Excel Homes, based in Camp Hill, Pa., has unveiled a series of homes that target first-time home buyers with rock-bottom prices. Called the Starting Lineup Series, the homes start at just less than $100,000, but some could be as low as $60,000, depending on the region of the country. They are one- and two-story homes of fewer than 1,000 square feet which are also Energy Star-ready.
"Our goal with these designs is quality at an affordable price," said Steve Scharnhorst, Excel's president. "Today's homeowners are shifting away from the McMansions of the '80s and '90s and toward smaller homes with high quality designs, energy efficiency, and nice amenities. The Starting Lineup provides all of that with the added perk of a lower price tag, which, in this economy, is always a good selling point."
The collection of homes includes the two-bedroom, 771-square-foot Craftsman Bungalow model, inspired by the kit homes of the 1940s and '50s; a 945-square-foot residence called the Prairie View that is similar to the prairie-style designs of Frank Lloyd Wright; and the Trailblazer, a 556-square-foot unit that can be used as a starter home, guest house, a pool house, or a freestanding backyard office.
"The word 'design' doesn't have to be synonymous with larger homes and higher price tags," said Steven Saffell, director of architectural design and innovation for Excel. "In fact, design has nothing to do with cost or size. It's how you use the resources and materials available to you that determines the visual appeal of a home, and that's exactly the approach we took with these plans."
Affordability often means less design and less features, but Excel said that it has not reduced the quality or features of these houses. On the contrary, Saffell said the company has added some of its most desirable options, such as wood flooring in the public areas, quartz countertops in the kitchens and baths, vaulted ceilings, sunken living rooms, undermount kitchen sinks, craftsmen-style doors and trims, and a whole-house fan. Selections concerning the HVAC system and a number of code requirements are available at additional cost.
So how did the company managed get the prices so low? By taking a different tact than it usually does. Excel offers a few variations with the plans, but customer decisions are limited mainly to finish selections.
“By limiting options and the ability to modify the plans and elevations, we have streamlined the entire process—from ordering to production and even the set,” Saffell explained. “In addition, we have bundled options and programs, so that these homes can be ordered in much the same way one buys a new car. This too has allowed us to offer a great home at a very low cost.”
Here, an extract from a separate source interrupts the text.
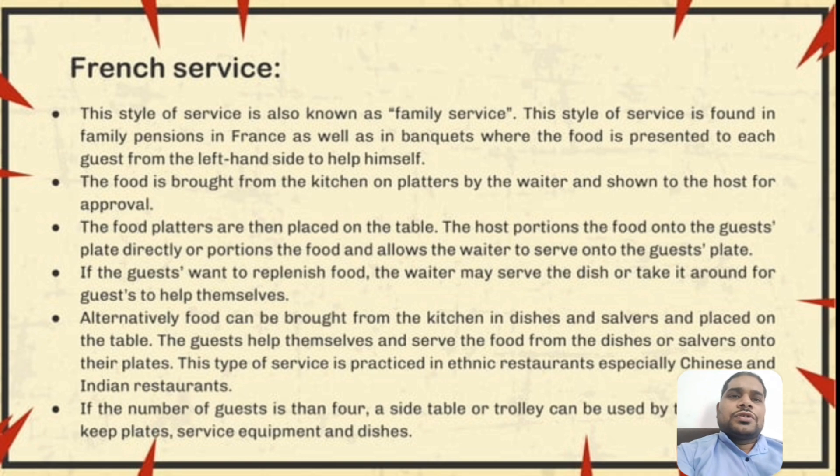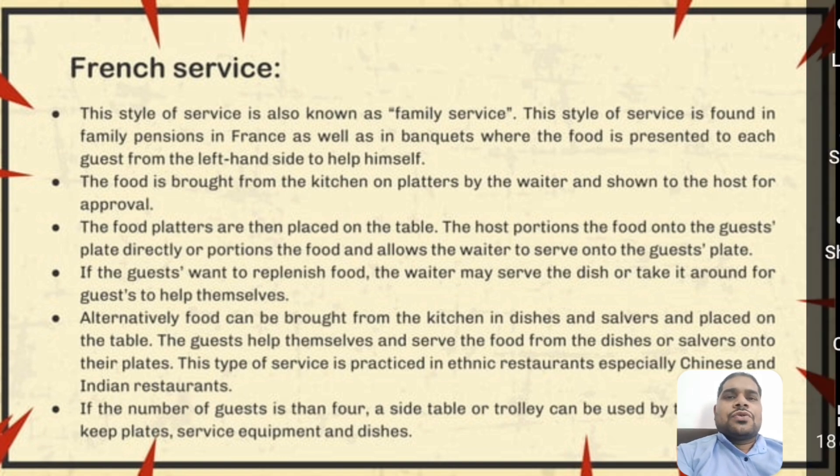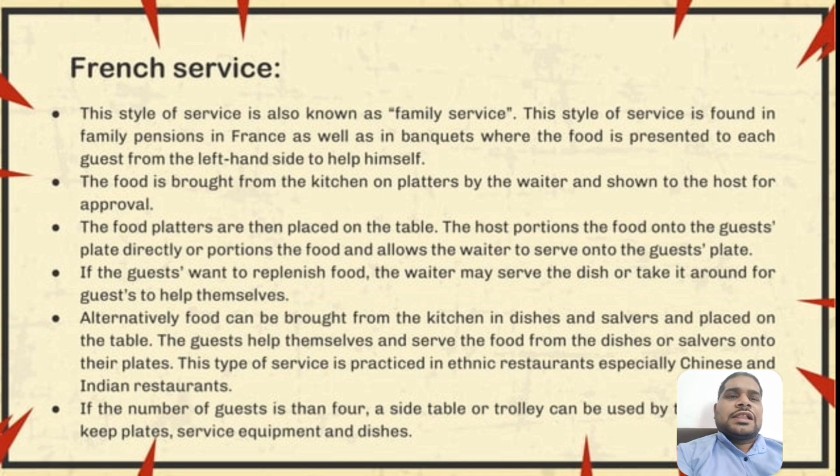If a guest wants to replenish their food, the steward may pass the dish around so guests can help themselves. Alternatively, food can be brought from the kitchen in a dish salver and placed on the table, where guests help themselves and serve the food onto their plates. This type of service is popular in ethnic restaurants, especially Chinese and Indian restaurants. If the number of guests is large, side table trolleys are used to keep the plates, service equipment, and dishes.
A smaller house results in lower prices, but it also means that the manufacturer can deliver the houses in a shorter amount of time. Excel says modular homes can be manufactured, delivered, and constructed fewer than six weeks. Many of the homes in the Starting Lineup series can be shipped on a single truck and finished in as little as one day.
The significance of this new series of homes is twofold, according to Excel. “The first is a high quality home designed to meet the needs of individuals or small families at a great price,” Saffell said. “The second is a green home with a smaller footprint to meet the needs of green-conscious individuals.... We believe there will always be a market for quality homes that deliver great value. And we believe green just makes sense now and into the future, and a growing segment of the market will see energy savings and green as a requirement versus an option.”